Only the text belongs in the copy: retype each record exactly as it appears.

================

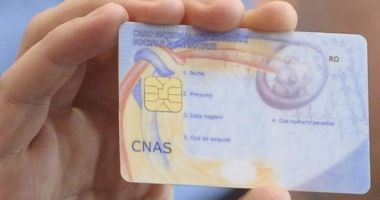 Bine de știut! Ce se întâmplă cu platforma Informatică a Asigurărilor de Sănătate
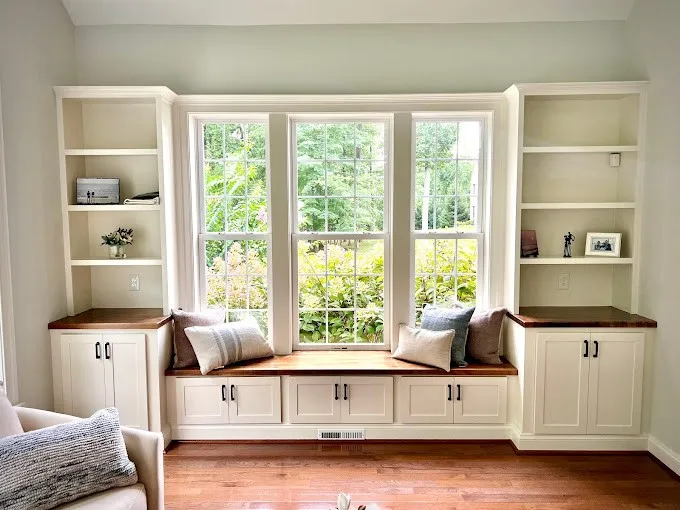 A-1 Renovations LLC Picture 7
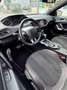 Peugeot 308 GENERATION-II 1.2 PURETECH 130 GT LINE EAT BVA START-STOP Blanc - thumbnail 16
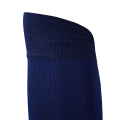 Гольфы футбольные JOGEL CAMP BASIC SLEEVE SOCKS, темно-синий/белый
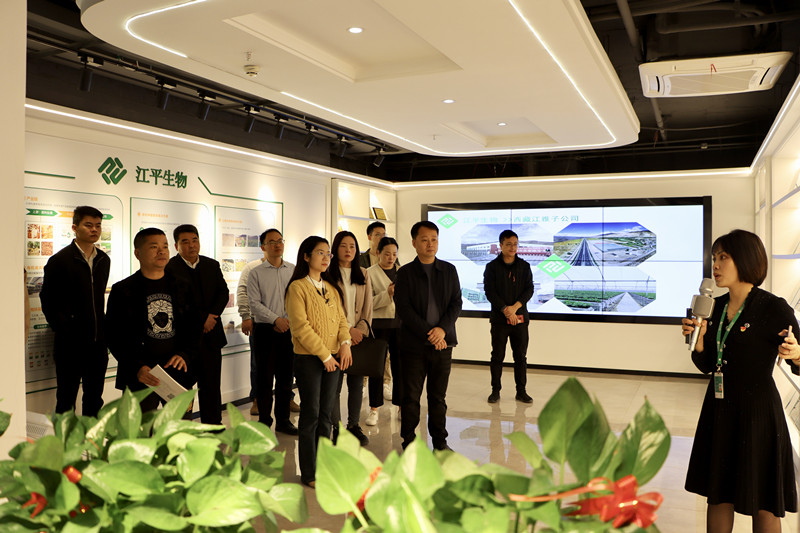 OG东方馆·(中国)有限公司官网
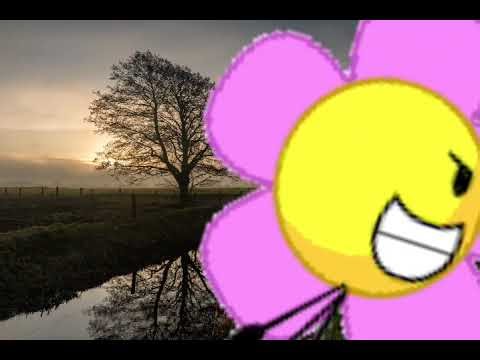 five nights at numberblocks 1 junpscare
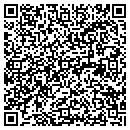 QR code with Reiner & Co contacts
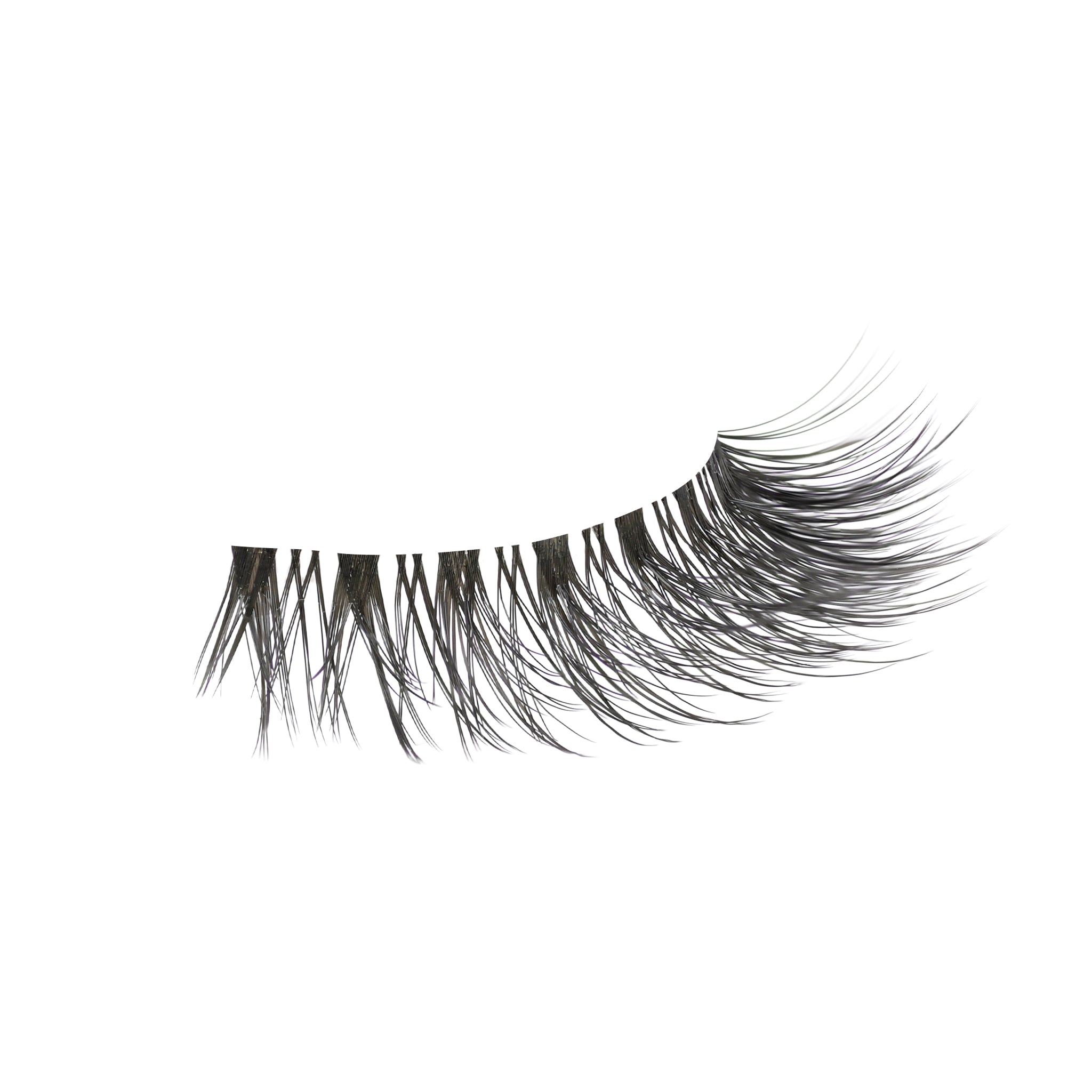 Soft Glam (10 Sets)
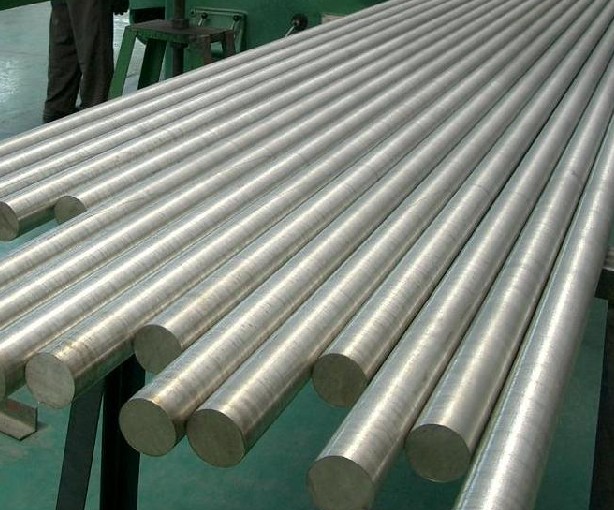 2Cr25Ni20Բ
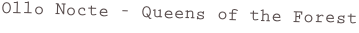shapeimage_19_link_0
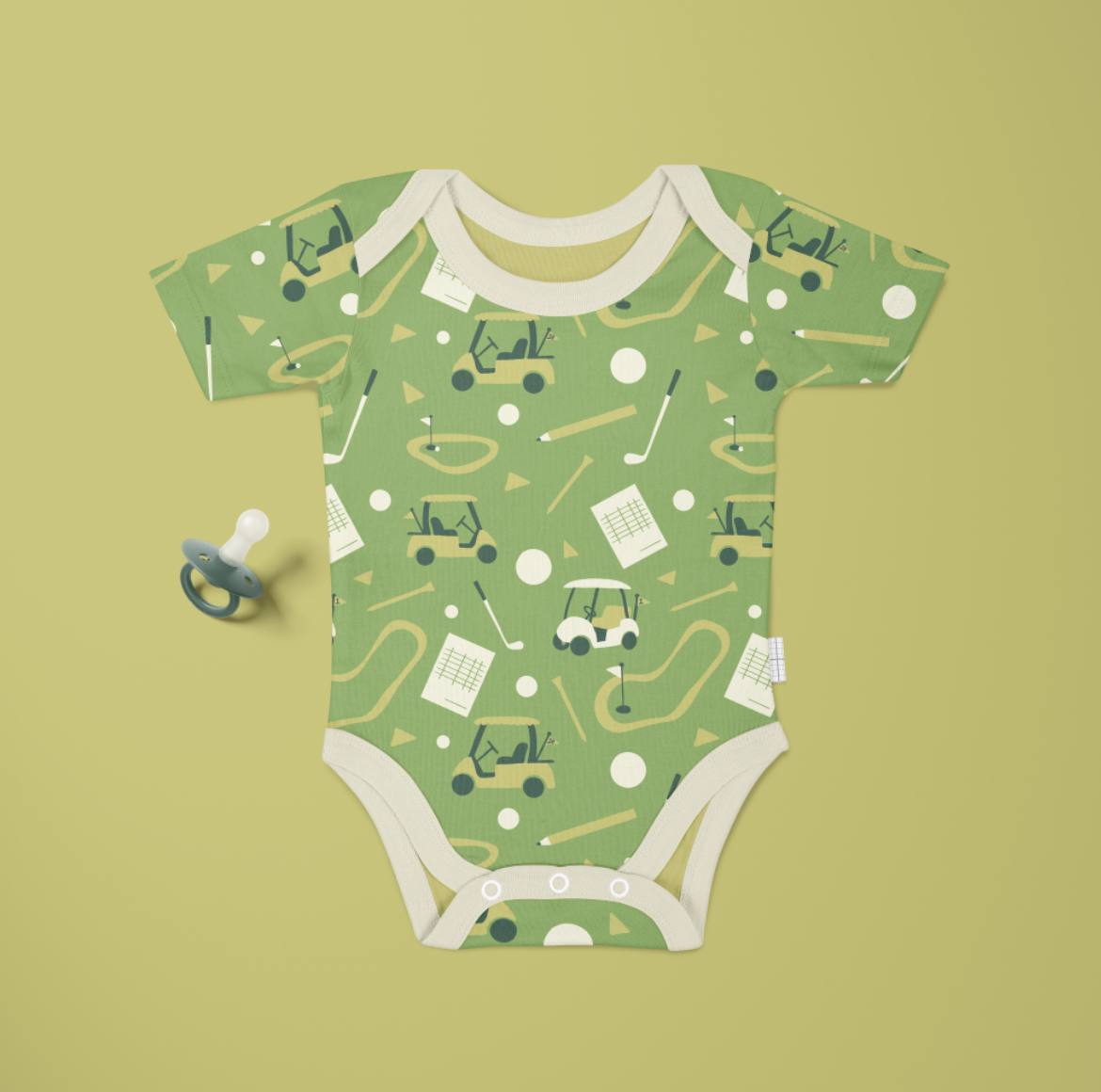 Screenshot 2025-11-25 at 4.45.16 PM.png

================

**WRITTEN RESPONSE**
 Bine de știut! Ce se întâmplă cu platforma Informatică a Asigurărilor de Sănătate
 A-1 Renovations LLC Picture 7
 Peugeot 308 GENERATION-II 1.2 PURETECH 130 GT LINE EAT BVA START-STOP Blanc - thumbnail 16
 Гольфы футбольные JOGEL CAMP BASIC SLEEVE SOCKS, темно-синий/белый
 OG东方馆·(中国)有限公司官网
 five nights at numberblocks 1 junpscare
 QR code with Reiner & Co contacts
 Soft Glam (10 Sets)
 2Cr25Ni20Բ
shapeimage_19_link_0
 Screenshot 2025-11-25 at 4.45.16 PM.png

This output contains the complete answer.